Cette reprise parcellaire des services fait suite aux avertissements de la Banque centrale, début mars. Environ au même moment, une lettre émanant supposément de la junte a fuité en ligne. Il y était question de menaces envers les banques privées suggérant le transfert forcé de leurs avoirs en cas de fermeture prolongée.
Une situation déstabilisante pour les clients, dont la confiance dans le secteur privé bancaire est en chute rapide, poursuit le journal.
Retraits limités
Certes, explique-t-il, le mouvement de désobéissance civile, auquel de nombreux employés ont pris part, a bousculé le secteur, mais les inquiétudes des clients concernent moins le mouvement contre la junte que les politiques contre-productives de la Banque centrale.
Ainsi, malgré la grève de leurs employés, les institutions bancaires ont garni les distributeurs automatiques, permettant des retraits jusqu’à 1 million de kyats par jour (environ 530 euros). Les transferts par mobile étant également possibles, évitant ainsi le recours à l’argent liquide.
Une option qui a disparu quand la junte a coupé l’accès à Internet à toutes les personnes non connectées par la fibre.
Chute de la valeur du kyat
À défaut de ces transferts électroniques, le recours au retrait demeure la seule option. En pratique, la majorité des banques n’autorise des retraits que pour des montant inférieurs à 1 million de kyats. Par ailleurs, les entreprises demandent des paiements en liquide, ce qui aggrave encore plus la situation.
Un autre facteur expliquant la demande pour des liquidités s’explique par la chute de la valeur du kyat contre le dollar. Le kyat a ainsi perdu en trois mois 18 % face au dollar. “Les gens retirent de l’argent de leurs comptes pour acheter de l’or ou des dollars, un investissement pour se prémunir contre la faiblesse du kyat.”
Confiance rompue
Résultat, non seulement la solvabilité des banques et la sécurité de l’épargne sont remises en cause, mais l’attitude récente de la Banque centrale menace également la vie privée des clients.

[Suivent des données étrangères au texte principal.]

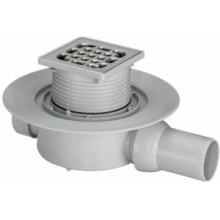 Viega трап сухой затвор, горизонт, реш.100х100 нерж. 583248 стальная рамка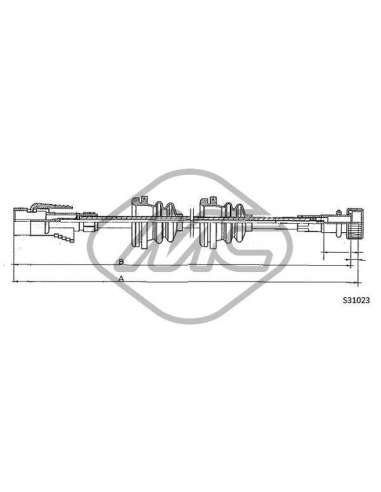 Árbol flexible del velocímetro Metalcauch 83650 - MC CABLE CUENTAKILOMETROS GOL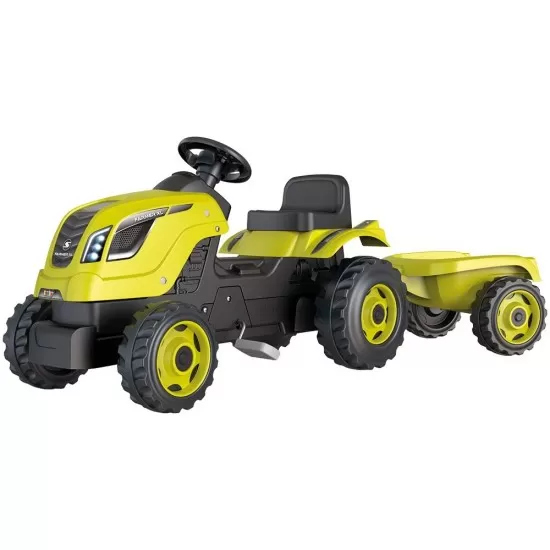 Tractor cu pedale si remorca Smoby Farmer XL verde Tractor cu pedale si remorca Smoby Farmer XL verde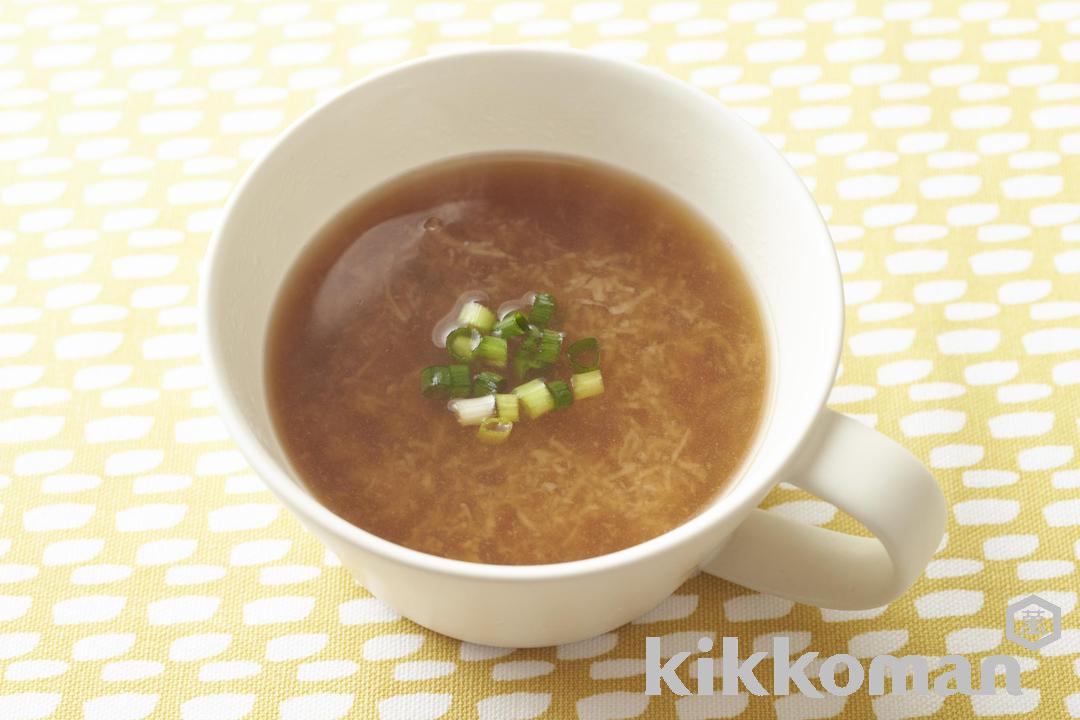 写真：れんこんと生姜のスープ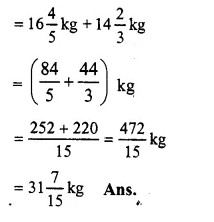 RS Aggarwal Solutions for Class 6 Maths Chapter 5–Fractions Ex 5E Question 19
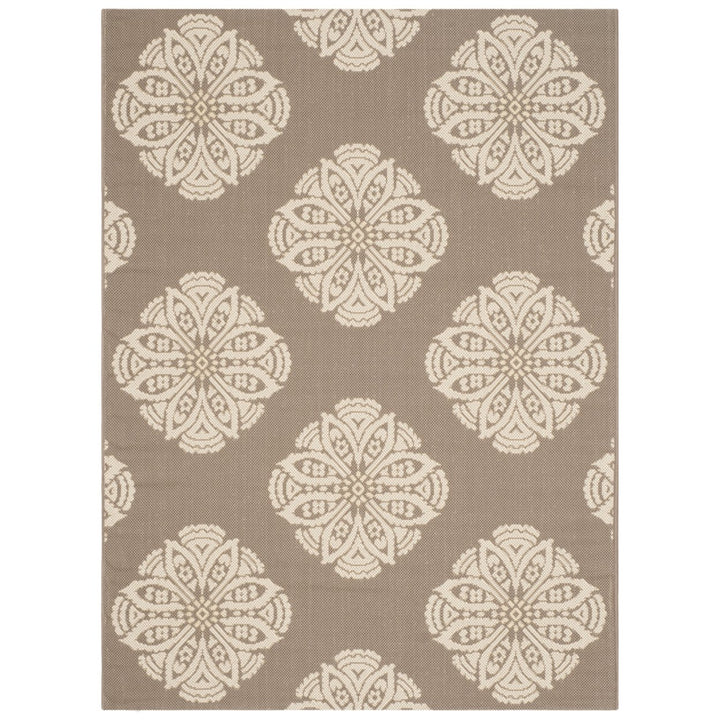 SAFAVIEH Indoor Outdoor CYW2432B Courtyard Beige / Yellow Rug Image 3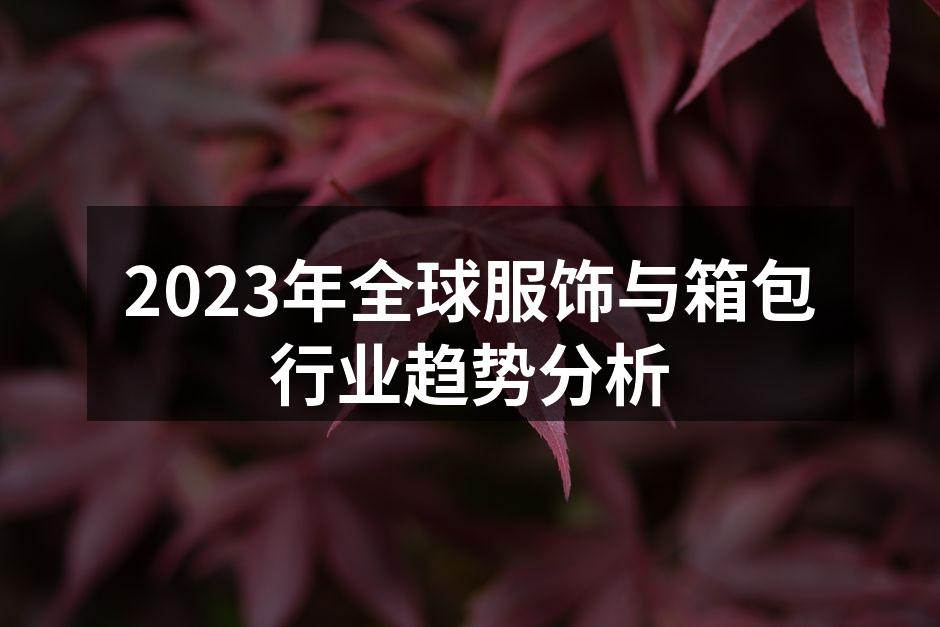2023年全球服饰市场持续增长
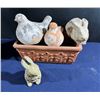 Image 1 : Birds and Bunny Garden Statues with Flower Box ( Very Heavy)
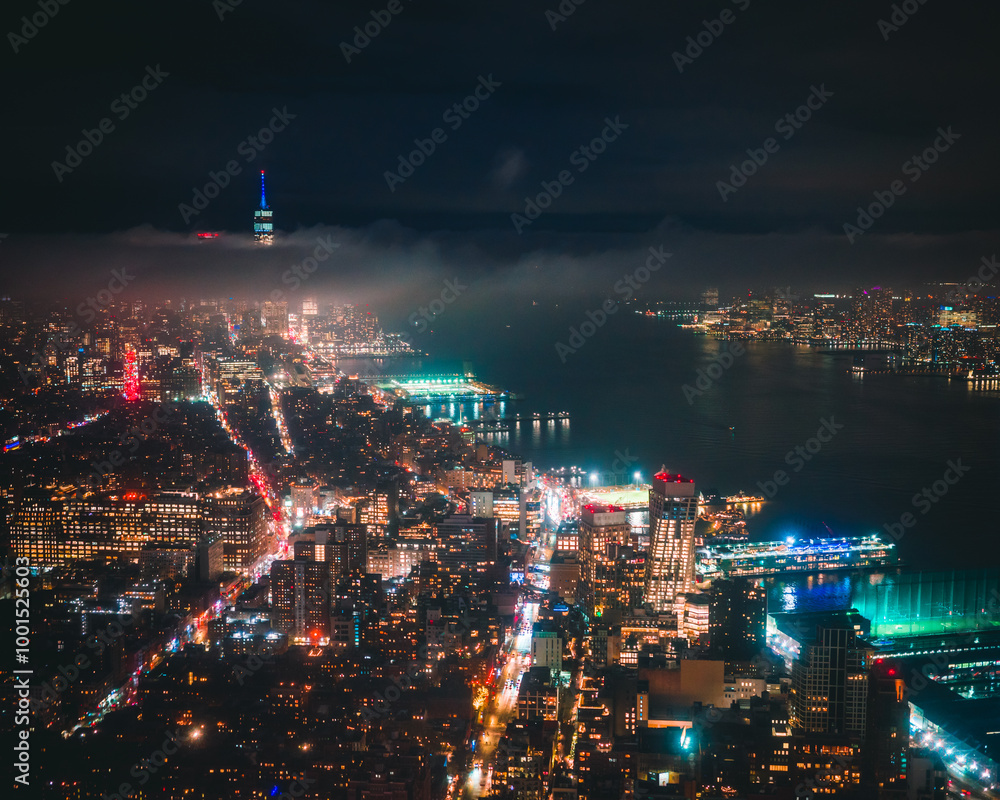 Digital Dusk: NYC’s Cyberpunk Skyline Digital Dusk: NYC’s Cyberpunk Skyline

Ainsi, le 19 mars, elle a ordonné aux banques privées de lui fournir la liste des clients possédant des coffres, une information confidentielle.
“Des évolutions qui remettent en cause les efforts considérables mis en œuvre pour redonner confiance dans les banques”, conclut le journal.
Le développement du secteur bancaire a été une des priorités du gouvernement de l’ancien président Thein Sein à partir de 2011, ouvrant le marché aux banques étrangères. Un développement qui s’est poursuivi sous le gouvernement civil d’Aung San Suu Kyi jusqu’au coup d’État du 1er février.